Hailed as a “scream queen”, a term described when an actor appears regularly as the victim or as much, the protagonist in the horror genre, Jill Schoelen plays Maggie, the main character in the 1991 film Popcorn ( Mark Herrier & Alan Ormsby).
Popcorn is a bitter
sweet and often cynical horror comedy. The film comments on the lack of funding
and under-appreciation in arts as lecturer Toby (Tom Villard) and his students
organise a horrorthon at their local cinema to earn some respect and extra
cash. The event is a showcase of 1950’s horror/ Sci-Fi themic environments like
Projecto-vison, Odorama, or Shock-o-scope (electric buzzes embedded in the cinema
chairs, a’la The Tingler (William Castle 1959)).Besides all this, the cinema is
faced with other problems. A killer is loose during the festival, killing crew
members in self referential spectacles for the audience’s enjoyment. In one scene,
he amps up the voltage of the tingling seats which the teenagers actually enjoy.
Popcorn becomes
cluttered when the film delves deeper. We learn the back-story of the killer
who was involved in a surrealist film cult who ultimately made films that were
laughed out. Part of his vengeance on the audience was to perform the last
scene of his film Possessor live, in
which he kills his family. His unfinished business and vengeance resurfaces
with the student’s horrorthon where he kills the crew behind the stage and manipulates
the crew by wearing both the female and male victim’s faces to do his bidding. Adding
another layer, or complication, to the narrative, we learn that the killer is Toby
and is Maggie’s father. Popcorn crams
in recycled homage to Leatherface of The
Texas Chainsaw Massacre (Tobe Hooper 1974) with its fluidity to gender, as
well as tacking on the Freudian overtones of A Nightmare on Elm Street
( Wes Craven 1984) in Toby and Maggie’s relationship.
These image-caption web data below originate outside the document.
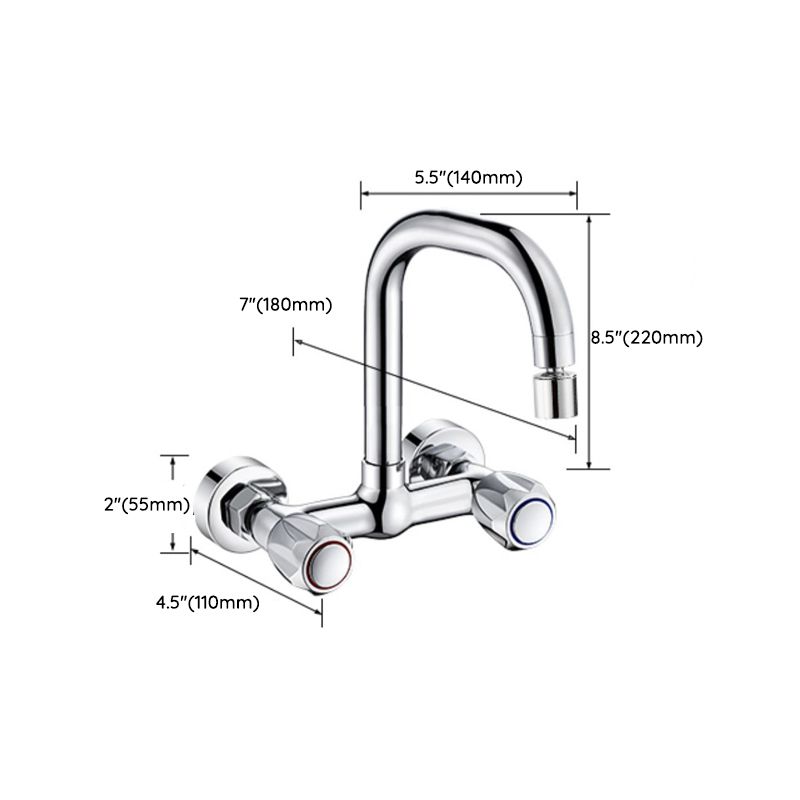 Contemporary Wall Mounted Pot Filler Faucet High Arch Swivel Spout 2 Hole Kitchen Faucet Clearhalo 'Home Improvement' 'home_improvement' 'home_improvement_kitchen_faucets' 'Kitchen Faucets' 'Kitchen Remodel & Kitchen Fixtures' 'Kitchen Sinks & Faucet Components' 'kitchen_faucets' 1200x1200_7c1d6d2e-088d-4b84-9c7a-10c8659b4cb0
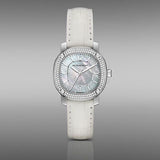 Burberry The Britain Diamonds Mother of Pearl Dial White Leather Strap Watch for Women - BBY1800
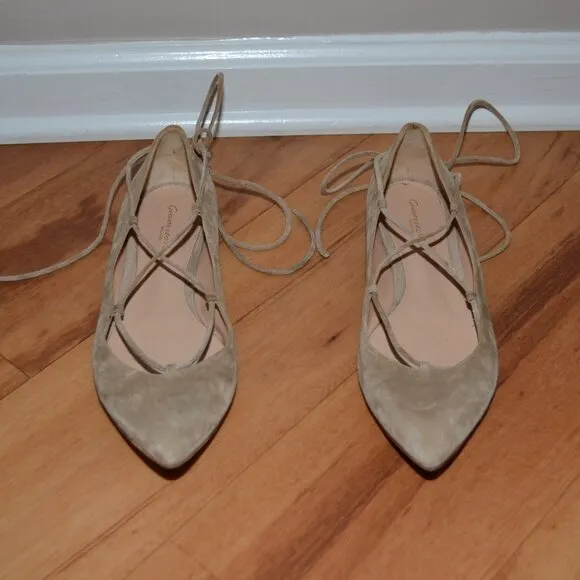 Gianvito Rossi Suede beige Ankle Lace up Ballet pointed Toe Flats, 39.5 Italy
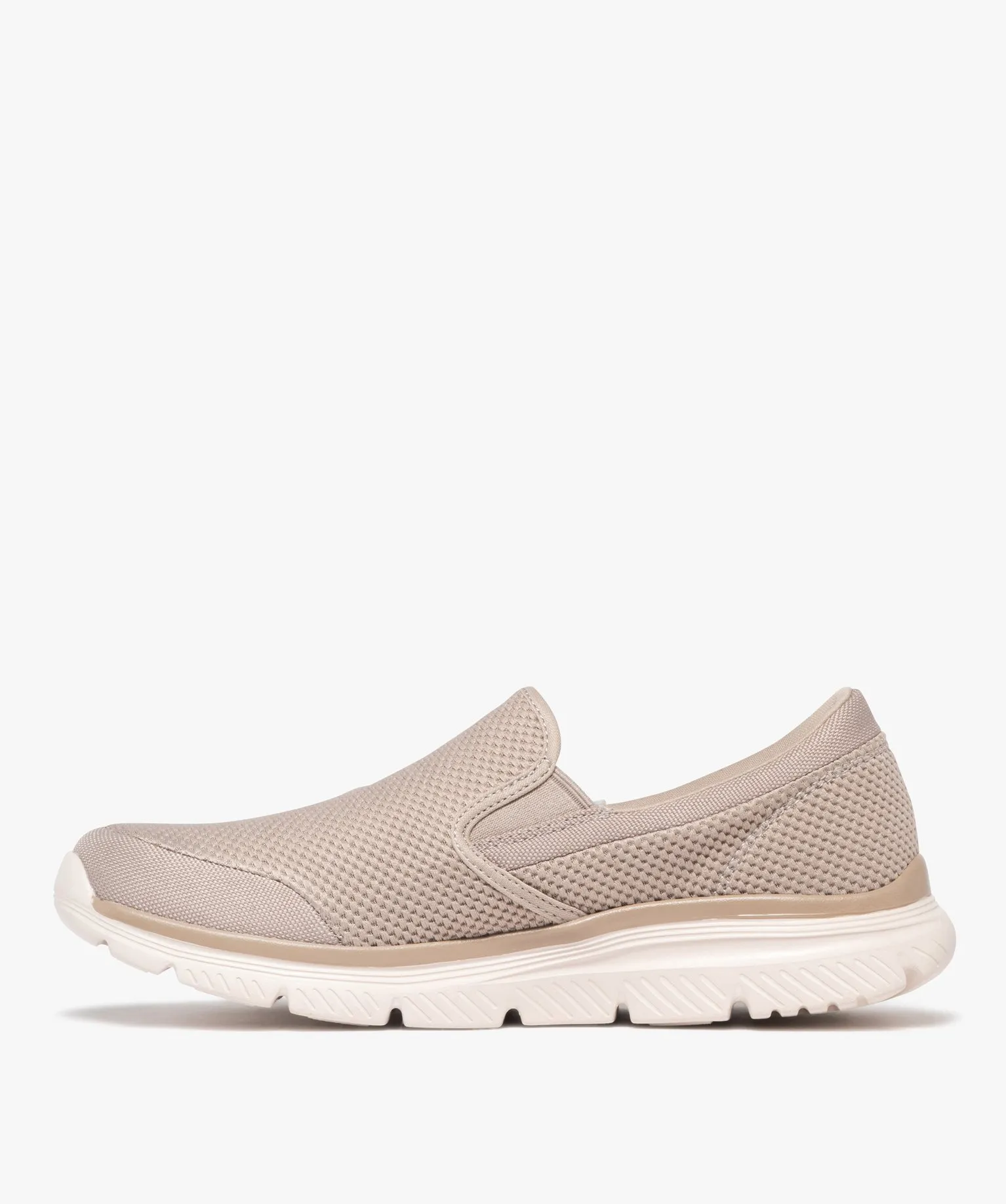 baskets homme slip-on running en textile et a semelle epaisse - skechers beige baskets et tennis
Although I did enjoy Maggie’s 90’s appearance, the finale
resulted in Maggie being the pretty damsel in distress, as she is saved by her
ex- boyfriend. Hence, a “scream queen” is different to a “final girl” (a masculinised
character such as Jamie Lee Curtis in Halloween
(John Carpenter 1978). Because, you guessed it, Schoelen got this name for
being pretty and screaming a lot.
Maggie, like Popcorn,
was a letdown. I wished the mood and nostalgia were the film’s main focus. With
a name like Popcorn, cheesiness and
fun should have been its main priority.